Arrivarono gli zombie
armati di grattugia, le usavano soprattutto sulle tempie per impedirti di
pensare.
“Sarò breve,
altrimenti mi rivelerò impubblicabile, è ignobile ciò che accade in questo
luogo, non ho il tempo che aveva Kafka per il suo Castello!” Disse lo
schermidore tuffandosi tra i non morti.
“Questa è una spada a
una mano e questo un brocchiere!” E via una testa, via una mascella.
“Questa invece è una
mano sinistra rinascimentale!” Via pezzi di carotide e velocissimi colpi di
punta.
Non fuoriusciva sangue
da quei corpi, solo sabbia, polvere e sudore legnoso.
Lo spadaccino se la
cavava molto bene:
“Dov’è nascosto il mio
onore?”
“Ma qui avrai gloria!”
Disse uno dei maiali “Nella produzione massima sarai premiato settimana dopo
settimana, a cosa ti serve l’onore? Noi abbiamo il plauso sempiterno di chi
lavora sodo e provvede a se stesso.”
Una daga lanciata si
conficcò in mezzo agli occhi porcini.
“Lavora, lavora e stai
zitto!” borbottava il bradipo.
“Lavora, lavora,
lavora, lavora, non giunge l’aurora, lo senti il ticchettio della morte?

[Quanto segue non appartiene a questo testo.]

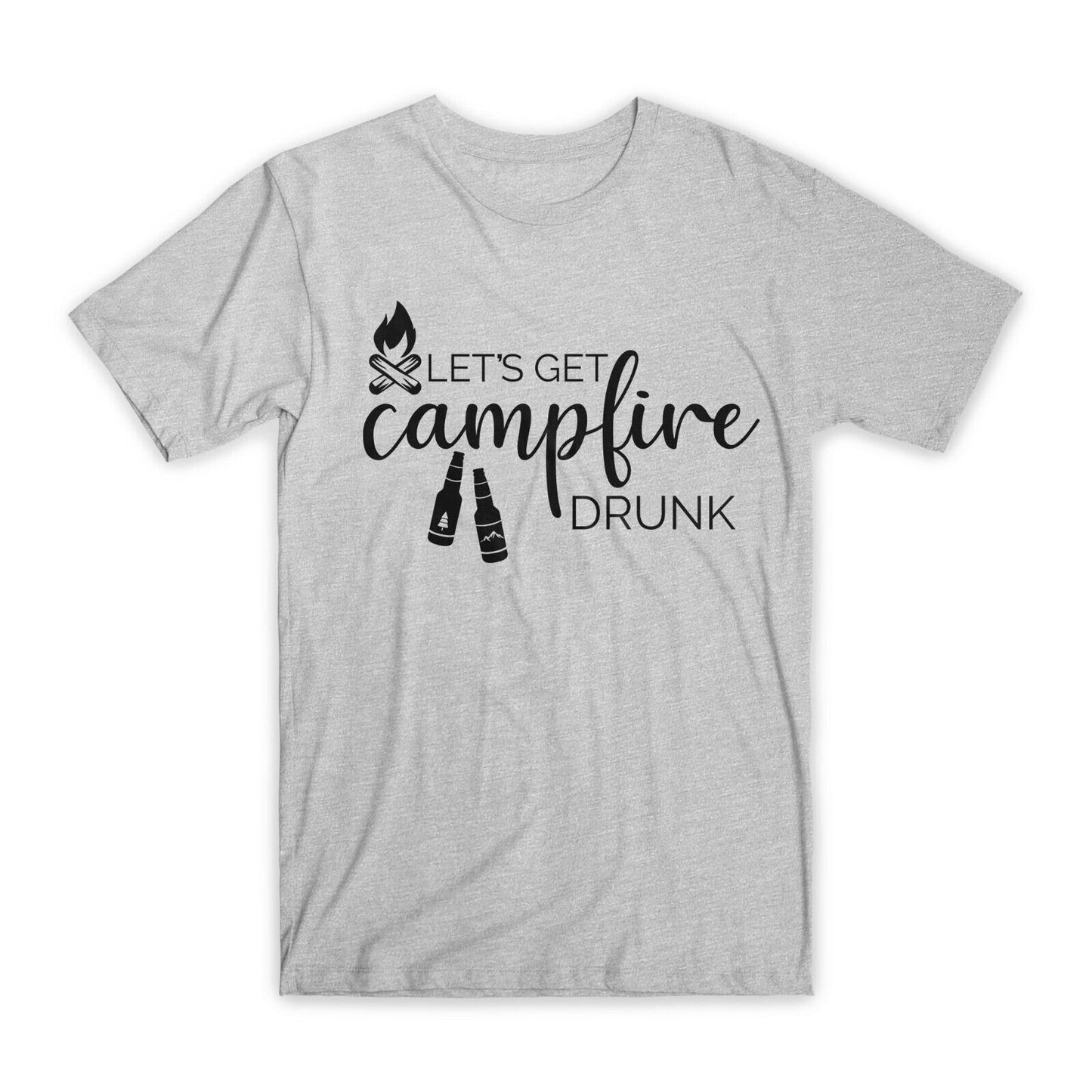 Let's Get Campfire Drunk T-Shirt Premium Soft Cotton Funny Tees Novelty Gift NEW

Lavora, lavora, lavora che è ora, vedi lontano lo spettro del mare?”
Tutti gli zombie erano
a terra, il tapiro si strinse forte alle caviglie dello spadaccino, giunsero i
mannari, si udivano di lontano i ringhi soffocati dalla bava omicida, il
digrignare delle zanne ingiallite dai cadaveri masticati, il suono spavaldo
degli artigli che cozzavano tra loro.
“Resta in piedi
schermidore, voglio andare via di qui!” Sussurrò il tapiro.
I mannari però erano
troppo forti, travolsero l’uomo mascherato, lo trascinarono in un turbine di
percosse, ora il sangue scorreva imbrattando i muri ed apparteneva tutto allo
spadaccino.
“Non sei un eroe! Non
sei niente! Niente!”
Le ossa vennero
spezzate con cupa brutalità, ormai il corpo senza vita pareva quello di un
pupazzo di pezza, venne issato e gettato in un complesso macchinario, le carni
e lo scheletro triturati divennero un frigobar.
4
Rassegnazione
e disincanto
Ancora il tapiro udiva
il suono scrocchiante della infernale macellazione, le spalle dello spadaccino
triturate, il bacino spremuto come fosse un pompelmo croccante.
Un ragno enorme poi,
rosso come il rubino, discese lentamente dal soffitto.
“Questo è il mio
castello, specchio del mio essere, e qui si fa come dico io! Non temere a te
non accadrà ciò che è successo allo schermidore, tu sei un tapiro, mansueto per
natura e fortunatamente non hai una minima idea di cosa sia l’onore.”
Il ragno non ammise
repliche, risalì la tela svanendo nel soffitto.
L’orso orbo diede una
pacca sulla spalla al tapiro sconsolato:
“Stai tranquillo, qui
si sta bene, meglio che fuori, almeno qui sarai nutrito e potrai comprarti
scarpe e occhiali da sole.”
Così il tapiro venne
introdotto alla sua nuova vita, mentre guardava con occhi assenti verso la
finestra minuscola incrostata dallo sporco di secoli e secoli.
Era ancora giorno,
grigio ma pur sempre illuminato, non sapeva il tapiro, che nel Castello del
Dolore erano sempre le nove, le nove di un eterno, nefasto mattino.
Il tapiro lacrimò
lentamente pensando:
“Che cazzo se ne fa un
orso orbo di scarpe e occhiali da sole?”